◆ EXERCISE BRIEF
For the entries below, count the lines that contain the word "view" and reply with that number only.
########
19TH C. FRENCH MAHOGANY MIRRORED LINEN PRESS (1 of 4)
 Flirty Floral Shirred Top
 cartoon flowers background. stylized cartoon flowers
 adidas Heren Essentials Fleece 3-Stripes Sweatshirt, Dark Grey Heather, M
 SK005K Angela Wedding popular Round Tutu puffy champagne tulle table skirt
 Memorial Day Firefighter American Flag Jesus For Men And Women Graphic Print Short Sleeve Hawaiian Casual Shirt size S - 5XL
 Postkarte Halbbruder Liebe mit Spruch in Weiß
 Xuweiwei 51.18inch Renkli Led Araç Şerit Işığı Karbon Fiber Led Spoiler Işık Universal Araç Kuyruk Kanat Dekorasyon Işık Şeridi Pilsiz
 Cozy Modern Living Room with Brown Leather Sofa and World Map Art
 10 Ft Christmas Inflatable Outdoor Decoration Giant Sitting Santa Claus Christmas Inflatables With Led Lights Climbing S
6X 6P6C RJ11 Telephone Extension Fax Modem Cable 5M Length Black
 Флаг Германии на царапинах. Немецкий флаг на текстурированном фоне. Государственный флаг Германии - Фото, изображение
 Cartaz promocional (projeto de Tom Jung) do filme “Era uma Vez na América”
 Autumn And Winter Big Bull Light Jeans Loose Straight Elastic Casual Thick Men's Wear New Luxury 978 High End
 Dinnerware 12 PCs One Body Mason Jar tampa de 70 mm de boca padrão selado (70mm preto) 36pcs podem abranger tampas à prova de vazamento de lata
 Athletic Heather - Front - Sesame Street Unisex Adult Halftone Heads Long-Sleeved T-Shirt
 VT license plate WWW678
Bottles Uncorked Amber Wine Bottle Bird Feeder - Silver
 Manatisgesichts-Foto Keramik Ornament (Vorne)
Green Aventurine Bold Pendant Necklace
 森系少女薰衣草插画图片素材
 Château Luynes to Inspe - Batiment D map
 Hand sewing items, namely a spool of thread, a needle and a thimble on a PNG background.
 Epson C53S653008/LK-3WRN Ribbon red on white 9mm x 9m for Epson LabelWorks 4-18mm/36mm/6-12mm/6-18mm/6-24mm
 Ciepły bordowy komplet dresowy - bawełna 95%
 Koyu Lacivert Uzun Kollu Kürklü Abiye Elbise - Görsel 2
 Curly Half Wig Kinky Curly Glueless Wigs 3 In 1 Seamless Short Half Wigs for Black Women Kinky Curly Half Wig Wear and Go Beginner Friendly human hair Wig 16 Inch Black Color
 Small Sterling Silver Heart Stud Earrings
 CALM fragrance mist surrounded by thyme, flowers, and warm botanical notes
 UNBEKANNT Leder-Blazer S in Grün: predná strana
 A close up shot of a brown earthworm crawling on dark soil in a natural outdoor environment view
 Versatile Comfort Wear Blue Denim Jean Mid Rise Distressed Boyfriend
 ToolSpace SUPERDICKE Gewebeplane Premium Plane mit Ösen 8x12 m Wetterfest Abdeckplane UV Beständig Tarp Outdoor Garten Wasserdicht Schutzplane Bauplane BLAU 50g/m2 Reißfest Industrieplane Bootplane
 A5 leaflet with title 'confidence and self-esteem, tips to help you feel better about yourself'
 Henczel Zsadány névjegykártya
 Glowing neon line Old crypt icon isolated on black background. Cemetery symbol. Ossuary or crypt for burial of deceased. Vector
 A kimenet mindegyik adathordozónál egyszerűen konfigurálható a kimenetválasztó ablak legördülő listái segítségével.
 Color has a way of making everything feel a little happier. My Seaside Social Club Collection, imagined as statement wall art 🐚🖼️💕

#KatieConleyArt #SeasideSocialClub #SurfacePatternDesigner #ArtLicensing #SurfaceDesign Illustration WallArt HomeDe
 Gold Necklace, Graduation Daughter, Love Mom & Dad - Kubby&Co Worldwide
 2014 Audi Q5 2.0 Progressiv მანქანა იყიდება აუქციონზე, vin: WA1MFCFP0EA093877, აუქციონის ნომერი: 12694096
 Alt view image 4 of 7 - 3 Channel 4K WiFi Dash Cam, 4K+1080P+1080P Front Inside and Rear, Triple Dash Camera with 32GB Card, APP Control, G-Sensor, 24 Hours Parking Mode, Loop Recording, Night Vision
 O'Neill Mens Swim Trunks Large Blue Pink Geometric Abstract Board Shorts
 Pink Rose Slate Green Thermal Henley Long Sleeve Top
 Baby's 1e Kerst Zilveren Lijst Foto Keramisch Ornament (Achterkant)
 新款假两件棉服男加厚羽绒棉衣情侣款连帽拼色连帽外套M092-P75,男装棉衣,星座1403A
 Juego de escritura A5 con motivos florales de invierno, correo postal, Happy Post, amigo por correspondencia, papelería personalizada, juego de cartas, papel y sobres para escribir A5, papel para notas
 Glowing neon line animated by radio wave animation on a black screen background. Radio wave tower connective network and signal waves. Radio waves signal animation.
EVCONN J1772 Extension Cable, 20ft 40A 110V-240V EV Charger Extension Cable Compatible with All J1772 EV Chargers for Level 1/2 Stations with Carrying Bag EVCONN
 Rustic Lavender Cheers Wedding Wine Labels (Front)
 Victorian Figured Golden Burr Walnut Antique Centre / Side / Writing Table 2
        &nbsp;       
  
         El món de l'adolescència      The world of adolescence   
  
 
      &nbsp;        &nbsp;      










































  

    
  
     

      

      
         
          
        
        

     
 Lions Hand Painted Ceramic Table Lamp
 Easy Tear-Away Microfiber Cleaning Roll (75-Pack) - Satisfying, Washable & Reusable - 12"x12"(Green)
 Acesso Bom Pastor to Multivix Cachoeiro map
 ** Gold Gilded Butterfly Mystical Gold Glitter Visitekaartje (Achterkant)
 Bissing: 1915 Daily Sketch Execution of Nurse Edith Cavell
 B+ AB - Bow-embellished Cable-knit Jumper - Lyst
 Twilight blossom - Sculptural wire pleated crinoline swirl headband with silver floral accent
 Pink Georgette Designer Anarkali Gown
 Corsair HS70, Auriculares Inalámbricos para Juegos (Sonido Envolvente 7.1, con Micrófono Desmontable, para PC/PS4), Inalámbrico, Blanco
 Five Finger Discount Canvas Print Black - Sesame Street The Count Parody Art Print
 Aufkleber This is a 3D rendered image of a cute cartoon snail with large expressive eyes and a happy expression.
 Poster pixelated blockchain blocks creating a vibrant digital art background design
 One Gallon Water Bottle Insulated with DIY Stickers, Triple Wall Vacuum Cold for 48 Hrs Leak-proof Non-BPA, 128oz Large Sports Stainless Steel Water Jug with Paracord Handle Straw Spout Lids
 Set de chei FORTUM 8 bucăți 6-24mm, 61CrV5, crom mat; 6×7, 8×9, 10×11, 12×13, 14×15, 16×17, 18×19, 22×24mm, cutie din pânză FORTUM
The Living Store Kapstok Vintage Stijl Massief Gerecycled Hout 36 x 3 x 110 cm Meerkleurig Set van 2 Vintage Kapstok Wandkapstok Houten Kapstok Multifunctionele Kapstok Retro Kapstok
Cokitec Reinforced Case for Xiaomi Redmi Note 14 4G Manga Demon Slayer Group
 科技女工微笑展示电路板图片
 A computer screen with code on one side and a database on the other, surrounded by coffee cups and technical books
########
◆ RESPONSE TO THIS EXERCISE
2